Prime Minister Narendra Modi on Wednesday visited the city of Vladivostok in the far-east side of Russia as the Chief Guest for 5th Eastern Economic Forum. The two day visit is expected to further bolster ties between the perennial partners. Both the leaders have planned robust engagements between the two countries in the Russian far-east as well as in the Pacific and Arctic Oceans. In order to counter Chinese hegemony in the Far East, Russia has turned to India, opening up a plethora of opportunities for India. China has been well-known to coerce its way into foreign lands and then clamping down its authority there, Putin is wary of China’s expansionist nature and when the need has risen it has turned to India, its most trusted partner and PM Modi seems to have taken this challenge head on as India extends a $1 Billion line of credit for the development of the region.
The Far Eastern Federal District lies in the Asian part of Russia which is twice the size of India and is resource-rich with an abundance of petroleum, natural gas, rare earth metals and other hydrocarbons. India aims to employ its pool of cheap labour in Russian projects in fields of work like diamond processing, infrastructure and agriculture. The Far East region is less developed than the country’s European areas which include cities like Moscow and St. Petersburg. Russia aims to balance the Chinese presence in the sparsely populated far eastern region.

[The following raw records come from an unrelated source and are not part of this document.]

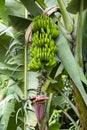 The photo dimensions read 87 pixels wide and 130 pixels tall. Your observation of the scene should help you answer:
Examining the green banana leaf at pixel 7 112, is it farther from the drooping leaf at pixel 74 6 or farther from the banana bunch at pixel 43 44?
the drooping leaf at pixel 74 6

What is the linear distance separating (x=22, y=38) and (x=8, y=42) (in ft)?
0.66

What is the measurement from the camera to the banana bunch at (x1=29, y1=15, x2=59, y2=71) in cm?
103

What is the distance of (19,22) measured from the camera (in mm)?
1261

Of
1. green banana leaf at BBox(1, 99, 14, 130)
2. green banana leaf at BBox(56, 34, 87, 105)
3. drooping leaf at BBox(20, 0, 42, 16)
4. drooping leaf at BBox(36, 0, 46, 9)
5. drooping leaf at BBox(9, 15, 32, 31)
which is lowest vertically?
green banana leaf at BBox(1, 99, 14, 130)

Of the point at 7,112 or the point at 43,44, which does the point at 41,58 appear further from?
the point at 7,112

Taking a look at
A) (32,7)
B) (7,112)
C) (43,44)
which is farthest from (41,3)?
(7,112)

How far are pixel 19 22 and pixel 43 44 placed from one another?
247 millimetres

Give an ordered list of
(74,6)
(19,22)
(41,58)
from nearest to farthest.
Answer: (41,58), (74,6), (19,22)

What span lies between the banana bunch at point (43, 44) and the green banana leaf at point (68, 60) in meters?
0.02

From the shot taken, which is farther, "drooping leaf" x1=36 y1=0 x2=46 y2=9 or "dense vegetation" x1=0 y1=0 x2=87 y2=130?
"drooping leaf" x1=36 y1=0 x2=46 y2=9

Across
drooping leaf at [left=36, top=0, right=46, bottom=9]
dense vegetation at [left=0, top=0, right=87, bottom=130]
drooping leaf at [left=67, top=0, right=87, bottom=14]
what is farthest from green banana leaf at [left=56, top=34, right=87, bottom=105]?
drooping leaf at [left=36, top=0, right=46, bottom=9]

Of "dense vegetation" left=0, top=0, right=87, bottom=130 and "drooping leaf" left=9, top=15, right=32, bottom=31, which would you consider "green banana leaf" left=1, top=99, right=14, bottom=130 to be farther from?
"drooping leaf" left=9, top=15, right=32, bottom=31

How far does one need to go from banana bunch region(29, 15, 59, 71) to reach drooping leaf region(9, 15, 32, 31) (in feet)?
0.50

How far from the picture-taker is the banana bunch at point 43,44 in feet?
3.36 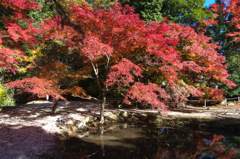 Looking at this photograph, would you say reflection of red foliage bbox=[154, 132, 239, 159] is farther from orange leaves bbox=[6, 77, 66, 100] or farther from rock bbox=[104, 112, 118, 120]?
orange leaves bbox=[6, 77, 66, 100]

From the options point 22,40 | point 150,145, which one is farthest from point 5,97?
point 150,145

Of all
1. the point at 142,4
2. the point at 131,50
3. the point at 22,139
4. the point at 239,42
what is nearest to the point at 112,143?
the point at 22,139

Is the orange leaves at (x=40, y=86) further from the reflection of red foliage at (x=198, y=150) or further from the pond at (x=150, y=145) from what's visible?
the reflection of red foliage at (x=198, y=150)

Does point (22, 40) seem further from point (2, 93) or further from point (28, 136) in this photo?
point (2, 93)

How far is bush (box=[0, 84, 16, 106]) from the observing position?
1027 cm

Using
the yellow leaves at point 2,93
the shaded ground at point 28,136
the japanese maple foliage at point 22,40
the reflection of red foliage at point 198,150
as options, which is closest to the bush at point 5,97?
the yellow leaves at point 2,93

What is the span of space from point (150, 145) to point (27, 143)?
3.52 metres

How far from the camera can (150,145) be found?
4.87 meters

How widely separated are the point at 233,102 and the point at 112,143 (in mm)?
12625

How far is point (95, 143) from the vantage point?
15.8 feet

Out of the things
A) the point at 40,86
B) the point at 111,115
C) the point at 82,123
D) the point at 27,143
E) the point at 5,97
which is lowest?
the point at 27,143

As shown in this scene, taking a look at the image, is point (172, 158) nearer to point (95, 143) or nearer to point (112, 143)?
point (112, 143)

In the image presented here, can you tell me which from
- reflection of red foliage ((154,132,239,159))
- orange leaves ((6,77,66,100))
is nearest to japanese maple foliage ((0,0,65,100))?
orange leaves ((6,77,66,100))

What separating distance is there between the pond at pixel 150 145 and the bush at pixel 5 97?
8045mm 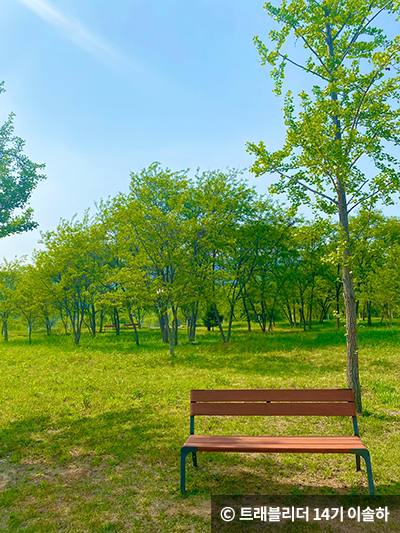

In what can be read as the beginning of a major shift in the geopolitical paradigm in Asia, Russia seeks India’s investment and assistance to counter Chinese presence in the sparsely populated and underdeveloped Russian far east. Apart from infrastructure development, Russia also wants Indian labour force in the region to counter the demographic change sparked by Chinese businesses in the region which has a population of only about 8 million. Russia has banned permanent land transfers to Chinese investors in the region and made employment of 80 percent of local people’s population compulsory for all upcoming Chinese projects. If India increases cooperation with Russia, it will reduce Moscow’s dependence on Beijing, in turn allowing India to contain the growing closeness between Russia and China. These trends can also further India’s ability to mediate between Russia and the West and to gain from any resulting balance.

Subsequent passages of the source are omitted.